Rubio’s flowery rhetoric is worth noting because neoconservatism has always been sold through the narrative of America’s “greatness” or “exceptionalism.” This is essentially the Republican Party’s version of the old liberal notion promoted by President Woodrow Wilson that it is America’s mission to “make the world safe for democracy.” Douthat describes Rubio as the “great neoconservative hope” because the freshman senator is seen by the neocon intelligentsia as one of the few reliable Tea Party-oriented spokesman willing to still promote this ideology to the GOP base. I say “still” because many Republicans have begun to question the old neocon foreign policy consensus that dominated Bush’s GOP. Douthat puts the neoconservatives’ worries and the Republicans’ shift into context:
“Among conservatism’s foreign policy elite, Rubio’s worldview commands more support. But in the grass roots, it’s a different story. A recent Pew poll found that the share of conservative Republicans agreeing that the U.S. should ‘pay less attention to problems overseas’ has risen… In the debate over Libya, Tea Party icons like Michele Bachmann and Sarah Palin have sounded more like (Rand) Paul than Rubio, and a large group of House Republican backbenchers recently voted for a resolution that would have brought the intervention screeching to a halt.”

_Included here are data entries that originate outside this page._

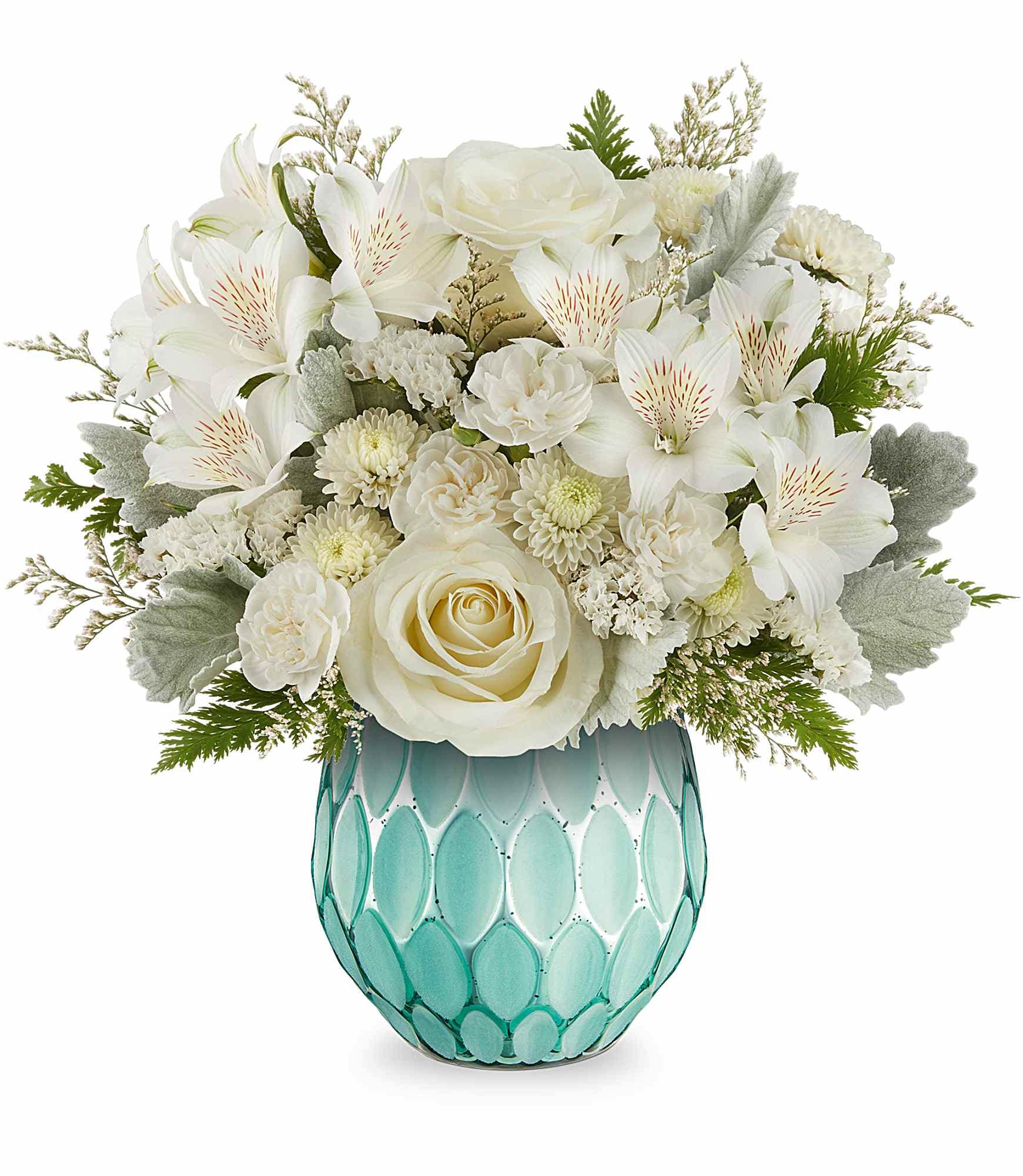 Chic Signature Bouquet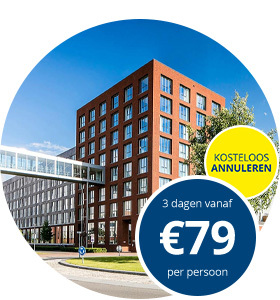 Fletcher Wellness-Hotel Helmond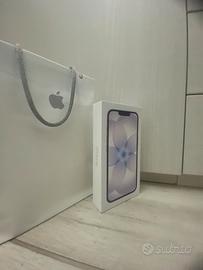 Iphone 17e white, 256GB Model A3634
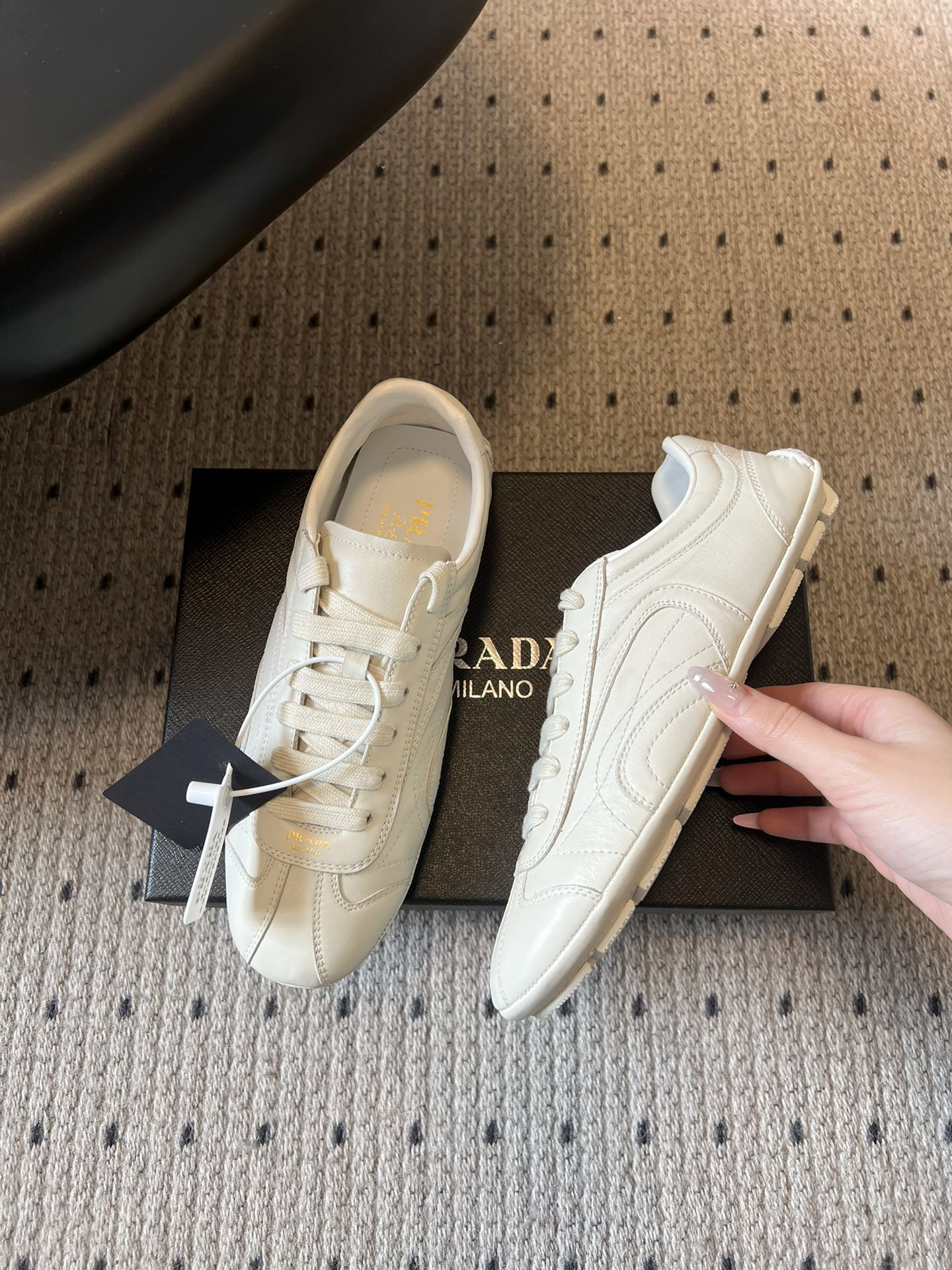 Prada Sneakers-219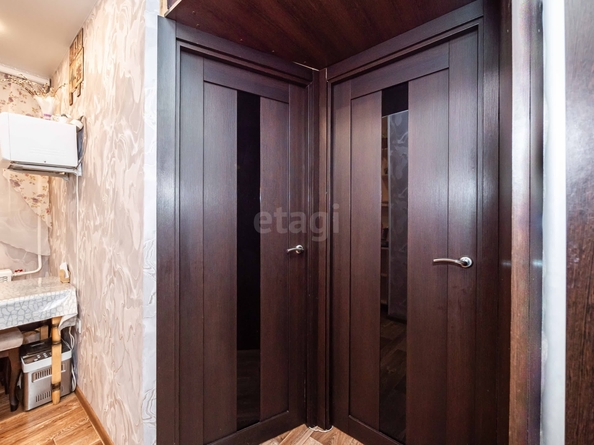
  Продается 2-комн. квартира 39.6 м². Фото 4.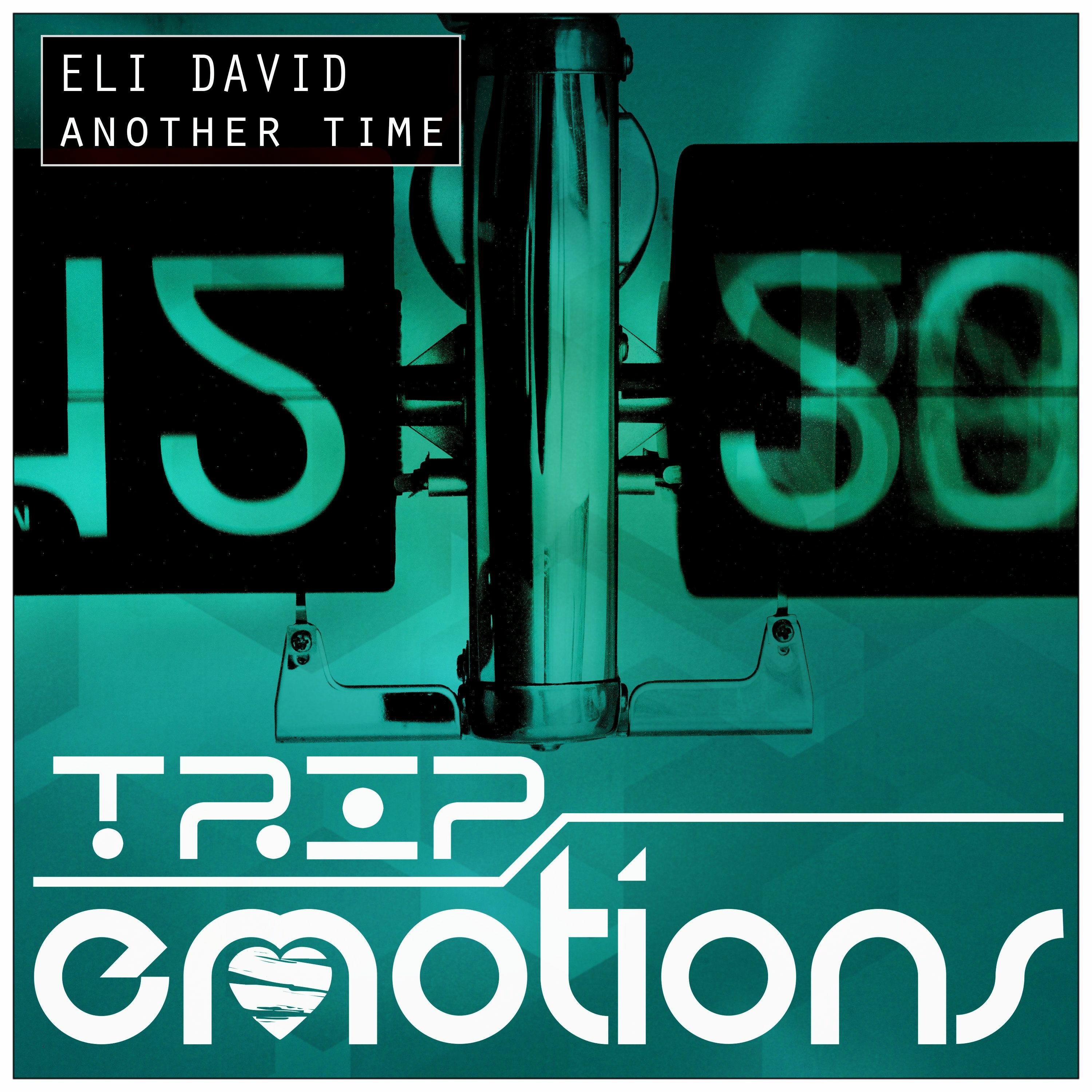 ELI DAVID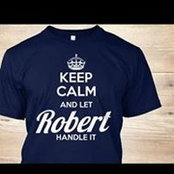 Foto von Robert Doherty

As one of only a handful of Republicans to oppose the Iraq War, Republican Congressman Jimmy Duncan said in 2003: “It is a traditional conservative position not to want the United States to be the policeman of the world.” At the time Duncan’s party strongly disagreed with him.
But this is because most Republicans didn’t think of the Iraq War as “policing the world” but as a legitimate matter of national defense. We now know that it had absolutely nothing to do with America’s defense and we’re still bogged down needlessly in another nation’s civil war.
But this has always been the neocon ruse—if neoconservatives can convince others that fighting some war, somewhere is for America’s actual defense, they will always make this argument and stretch any logic necessary to do so. Whether or not it is true is less important than its effectiveness.